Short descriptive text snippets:
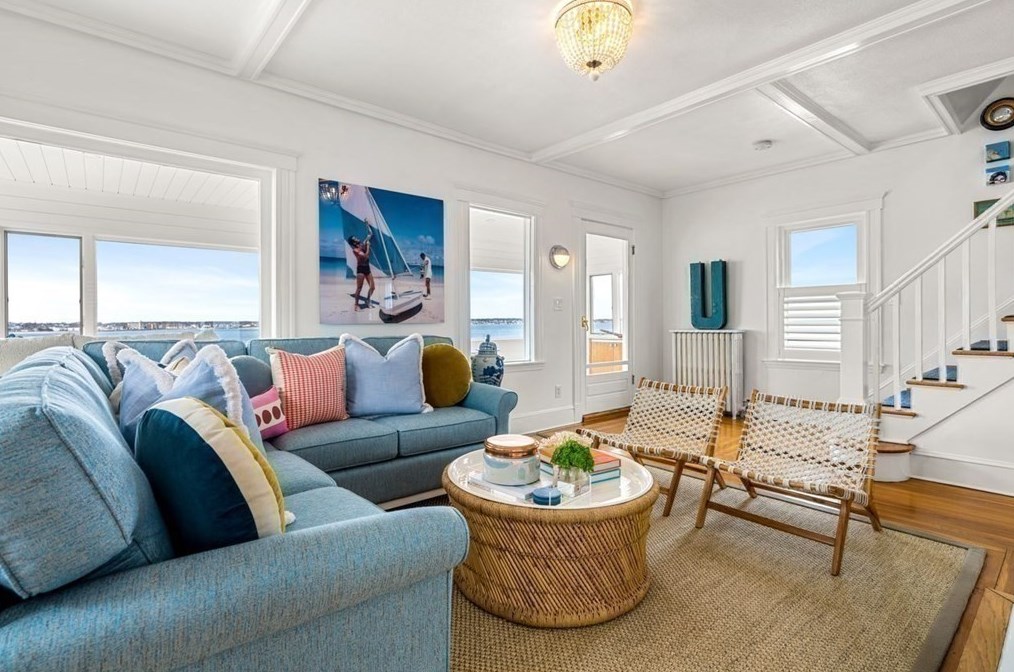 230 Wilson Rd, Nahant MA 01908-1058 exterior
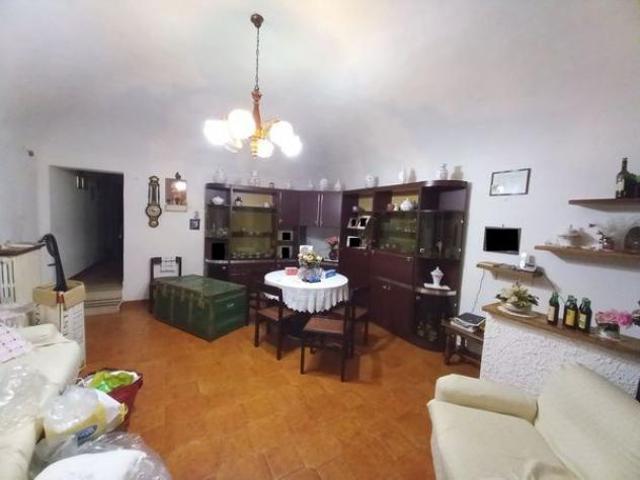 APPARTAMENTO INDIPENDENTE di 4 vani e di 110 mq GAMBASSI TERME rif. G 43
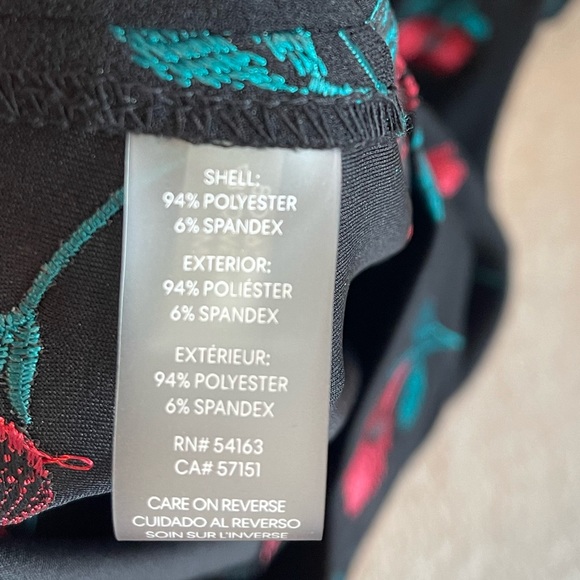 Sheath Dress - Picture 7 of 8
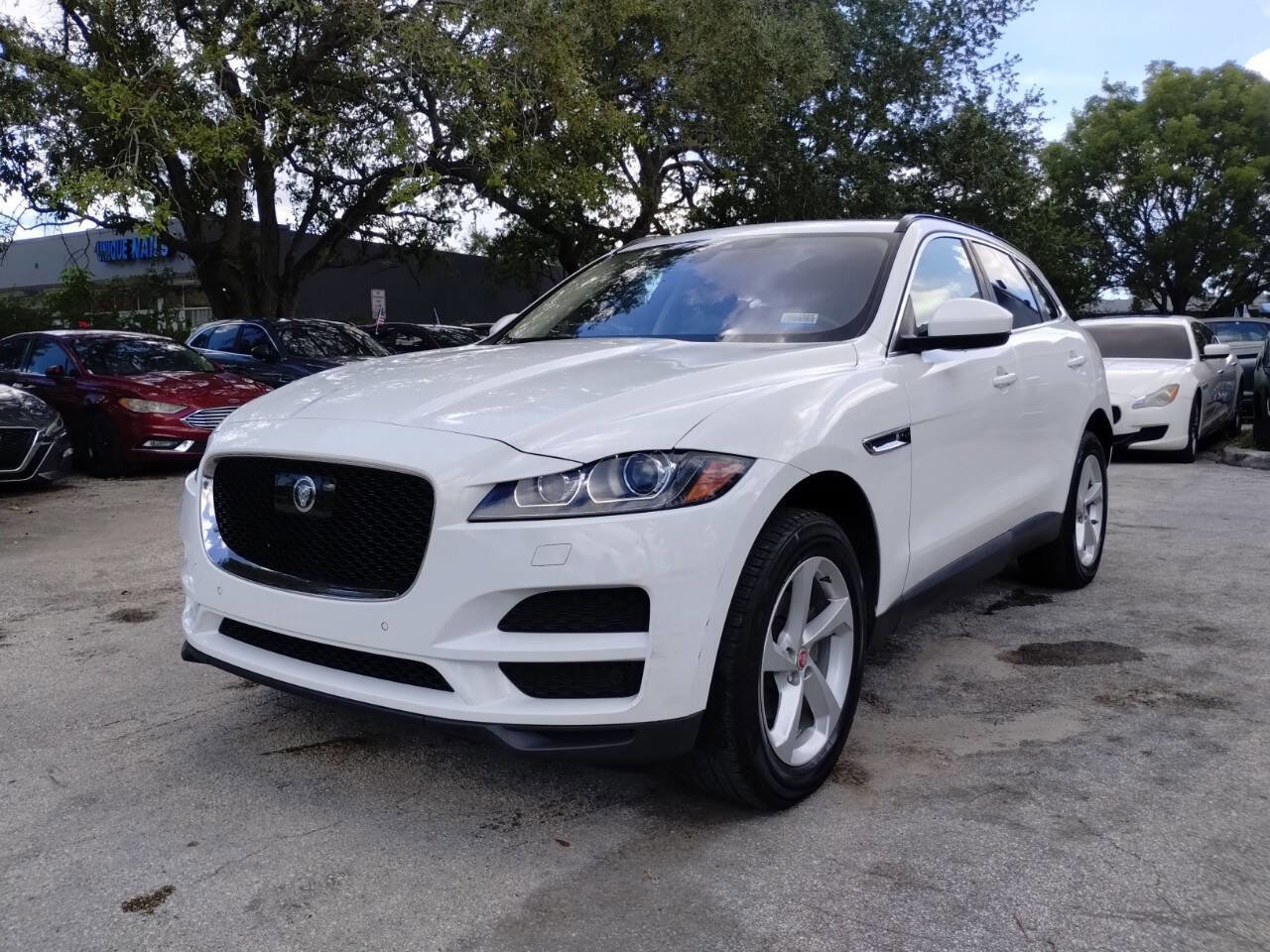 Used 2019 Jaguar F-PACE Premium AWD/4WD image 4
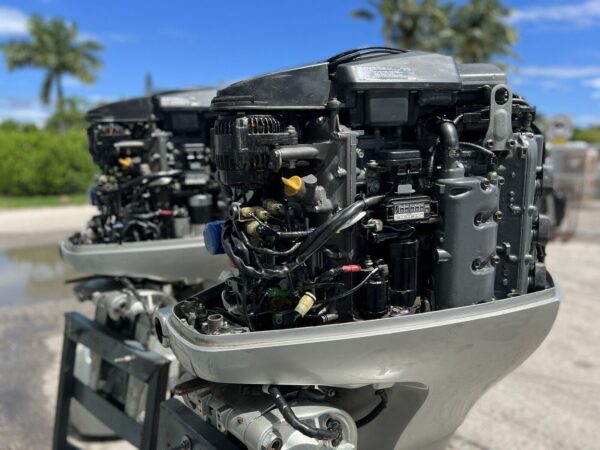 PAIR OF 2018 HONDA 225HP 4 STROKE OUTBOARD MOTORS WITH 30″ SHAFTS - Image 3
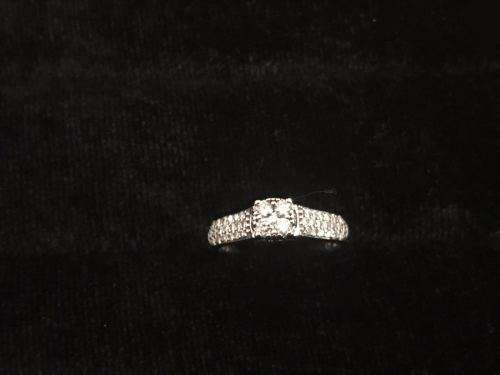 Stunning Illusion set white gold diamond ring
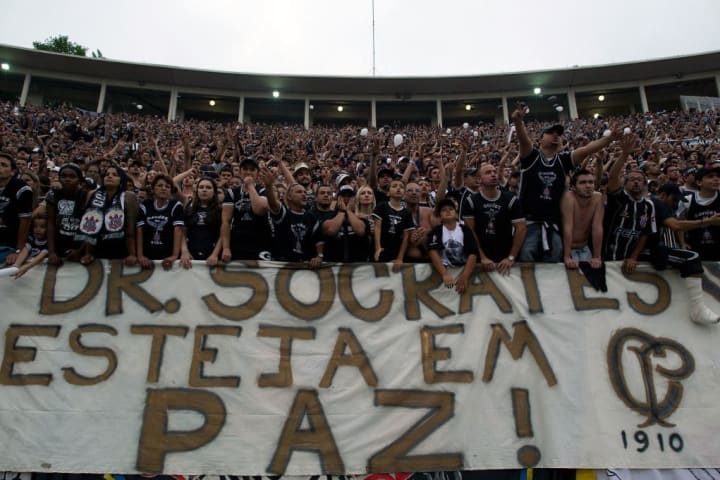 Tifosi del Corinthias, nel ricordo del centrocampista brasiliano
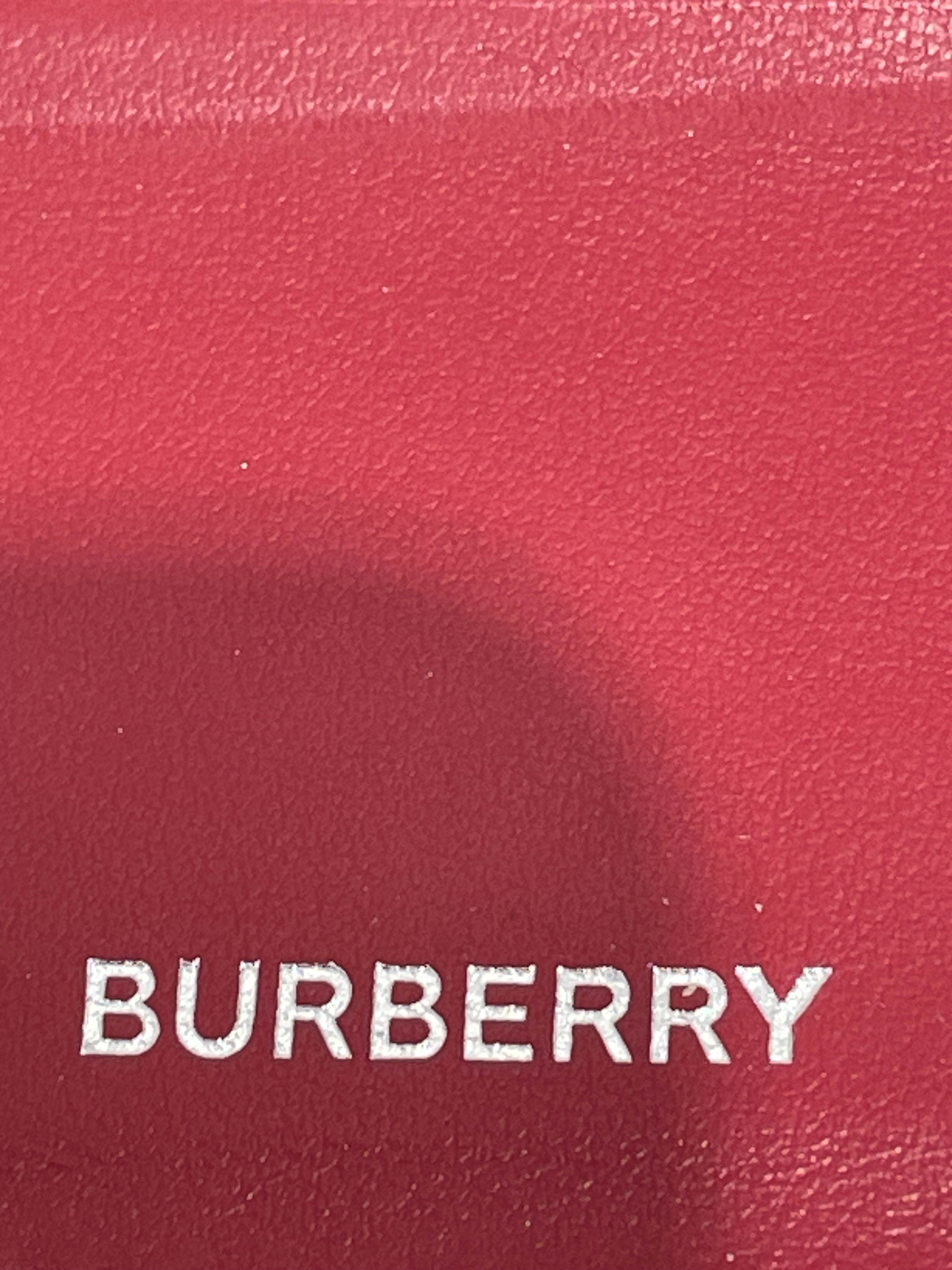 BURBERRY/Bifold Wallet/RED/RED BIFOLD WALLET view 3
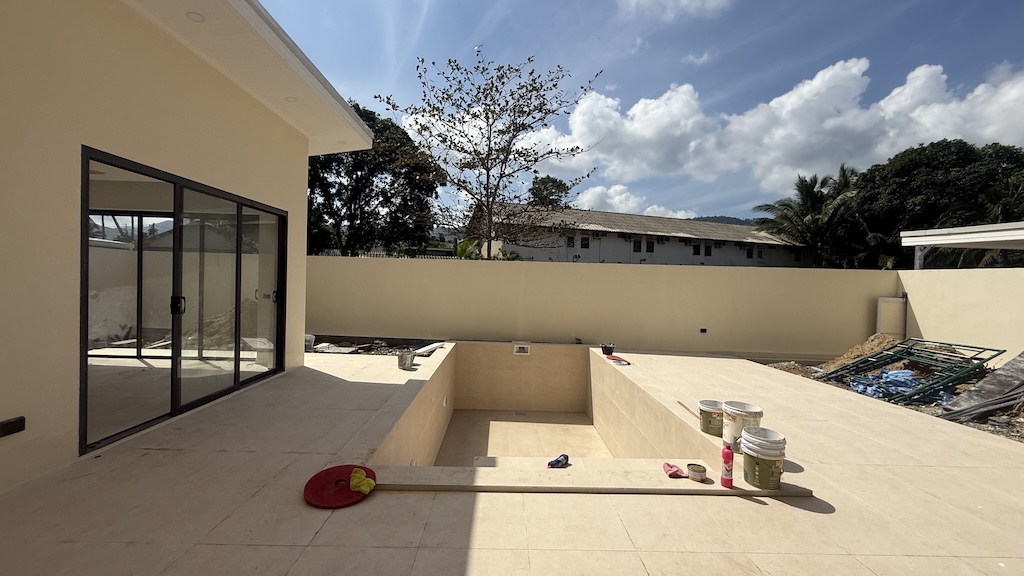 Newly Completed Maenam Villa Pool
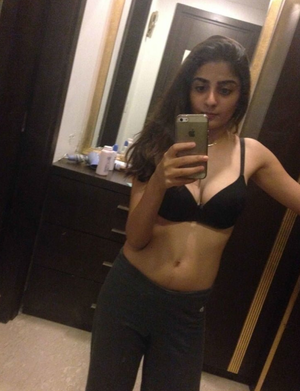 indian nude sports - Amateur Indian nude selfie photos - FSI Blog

AIM OF THE TASK: Restate each entry word for word, leaving out any pictures.

EXERCISE RESPONSE:
 230 Wilson Rd, Nahant MA 01908-1058 exterior
 APPARTAMENTO INDIPENDENTE di 4 vani e di 110 mq GAMBASSI TERME rif. G 43
 Sheath Dress - Picture 7 of 8
 Used 2019 Jaguar F-PACE Premium AWD/4WD image 4
 PAIR OF 2018 HONDA 225HP 4 STROKE OUTBOARD MOTORS WITH 30″ SHAFTS - Image 3
 Stunning Illusion set white gold diamond ring
 Tifosi del Corinthias, nel ricordo del centrocampista brasiliano
 BURBERRY/Bifold Wallet/RED/RED BIFOLD WALLET view 3
 Newly Completed Maenam Villa Pool
 indian nude sports - Amateur Indian nude selfie photos - FSI Blog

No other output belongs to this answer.